Am Morgen empfingen Stadt und Truppen die Gefangenen. Man brachte das schwimmende Gefängnis ans Ufer, legte einen Landesteg zum „Rasin", einer mächtigen eisernen Barke, bestückt mit weittragenden Geschützen. Und durch die lebendige Gasse der Seeleute schritten die 430 wankenden, bleichen, verwildert aussehenden Menschen. Sie glichen einer langen Kette von Bastpuppen, mit abenteuerlichen Kopfbedeckungen, mit aus Stroh geflochtenen, phantastischen Mützen, und sahen aus wie eine Prozession aus einer anderen Welt. Jedoch in der von diesem Schauspiel noch erschütterten Menge erwachte bereits ein prachtvoller Humor.

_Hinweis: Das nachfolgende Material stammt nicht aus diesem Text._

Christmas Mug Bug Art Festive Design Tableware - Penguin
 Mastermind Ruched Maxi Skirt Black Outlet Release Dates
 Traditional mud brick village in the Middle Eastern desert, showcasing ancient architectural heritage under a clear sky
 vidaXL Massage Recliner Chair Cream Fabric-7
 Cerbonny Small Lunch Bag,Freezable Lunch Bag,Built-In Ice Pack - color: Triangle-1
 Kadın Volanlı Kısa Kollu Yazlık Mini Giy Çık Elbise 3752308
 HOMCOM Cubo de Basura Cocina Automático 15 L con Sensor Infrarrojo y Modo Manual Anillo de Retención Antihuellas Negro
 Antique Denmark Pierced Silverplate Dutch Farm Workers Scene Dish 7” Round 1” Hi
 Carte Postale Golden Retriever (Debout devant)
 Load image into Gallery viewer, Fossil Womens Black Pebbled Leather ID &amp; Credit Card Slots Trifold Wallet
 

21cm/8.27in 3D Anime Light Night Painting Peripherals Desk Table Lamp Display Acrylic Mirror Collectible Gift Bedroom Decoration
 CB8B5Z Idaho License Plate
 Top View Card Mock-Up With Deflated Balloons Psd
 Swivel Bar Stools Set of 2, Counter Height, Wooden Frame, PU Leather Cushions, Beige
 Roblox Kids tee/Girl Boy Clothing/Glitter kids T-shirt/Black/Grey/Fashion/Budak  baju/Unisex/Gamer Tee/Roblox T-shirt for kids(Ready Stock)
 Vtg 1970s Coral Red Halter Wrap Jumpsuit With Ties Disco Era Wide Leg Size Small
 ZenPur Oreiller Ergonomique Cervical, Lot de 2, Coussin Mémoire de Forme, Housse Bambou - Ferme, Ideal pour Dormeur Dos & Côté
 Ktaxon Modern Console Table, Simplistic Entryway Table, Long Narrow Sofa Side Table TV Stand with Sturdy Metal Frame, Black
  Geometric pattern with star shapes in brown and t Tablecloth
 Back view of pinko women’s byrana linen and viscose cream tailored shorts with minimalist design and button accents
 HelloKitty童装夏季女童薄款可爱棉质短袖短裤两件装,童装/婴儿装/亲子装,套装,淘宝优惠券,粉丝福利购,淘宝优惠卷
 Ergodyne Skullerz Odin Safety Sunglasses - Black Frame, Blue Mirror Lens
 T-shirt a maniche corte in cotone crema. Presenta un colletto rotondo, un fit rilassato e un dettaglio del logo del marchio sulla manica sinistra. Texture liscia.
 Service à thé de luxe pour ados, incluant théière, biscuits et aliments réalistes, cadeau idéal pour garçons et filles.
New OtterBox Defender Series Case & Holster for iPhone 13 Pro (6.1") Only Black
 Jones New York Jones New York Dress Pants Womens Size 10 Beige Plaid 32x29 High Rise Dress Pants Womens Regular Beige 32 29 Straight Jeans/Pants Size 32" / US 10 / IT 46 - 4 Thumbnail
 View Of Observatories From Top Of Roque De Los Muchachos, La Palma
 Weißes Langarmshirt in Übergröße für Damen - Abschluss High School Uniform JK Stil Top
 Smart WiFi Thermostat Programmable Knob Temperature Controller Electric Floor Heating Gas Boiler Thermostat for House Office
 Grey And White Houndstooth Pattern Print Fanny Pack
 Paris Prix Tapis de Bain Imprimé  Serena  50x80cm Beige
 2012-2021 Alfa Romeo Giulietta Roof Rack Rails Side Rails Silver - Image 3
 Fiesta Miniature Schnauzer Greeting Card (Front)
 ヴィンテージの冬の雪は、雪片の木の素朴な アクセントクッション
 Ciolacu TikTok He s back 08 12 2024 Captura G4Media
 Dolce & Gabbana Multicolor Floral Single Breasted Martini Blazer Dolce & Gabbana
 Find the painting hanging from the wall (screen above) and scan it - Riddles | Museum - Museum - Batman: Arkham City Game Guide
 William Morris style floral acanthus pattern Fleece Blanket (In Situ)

„Wer hat euch denn so aufgeputzt, Genossen?" „Seht, seht, das ist die Uniform der Konstituierenden Versammlung - jeder hat ein Basthemd und einen Strick um den Hals."
„Tritt mir nicht auf den Schuh, siehst du nicht - die Zehen gucken hervor." Und er hebt seinen in schmutzige Lappen gewickelten Fuß.
Auf dem Weg zum Ufer begannen sie mit Stimmen, die von den langen Qualen in der dunklen Pesthöhle gepresst klangen, die Marseillaise zu singen. Und der Gesang hörte bis zum Stadtplatz nicht auf. Hier begrüßte der Vertreter der Gefangenen die Seeleute der Wolgaflottille, ihren Kommandierenden und die Sowjetmacht... Unbeschreibliche Gesichter, Worte, Tränen, es war, als wenn eine ganze Familie, die ihren Vater, Bruder oder Sohn gefunden hat, neben dem Verlorengeglaubten sitzt und ihm zusieht, während er isst und von der Gefangenschaft erzählt, und dann, sich verabschiedend, zu den Genossen Seeleuten geht, um für die Rettung zu danken. In der Menge der Matrosen und Soldaten sieht man ab und zu goldbetresste Mützen jener wenigen Offiziere, die den ganzen drei Monate langen Feldzug von Kasan bis Sarapul mitgemacht haben. Ich denke, dass man sie schon lange nicht mit dieser grenzenlosen Achtung und dieser brüderlichen Liebe begrüßt hat, wie gerade an diesem Tage. Und wenn es zwischen der Intelligenz und den Massen eine Einheit im Geiste, in der Heldentat und im Opfer gibt, so entstand sie in jenem Augenblick, als die Mütter der Arbeiter, ihre Frauen und Kinder die Matrosen und Offiziere dafür segneten, dass sie ihre Väter, Brüder und Kinder vor den Qualen der Hinrichtung bewahrt haben.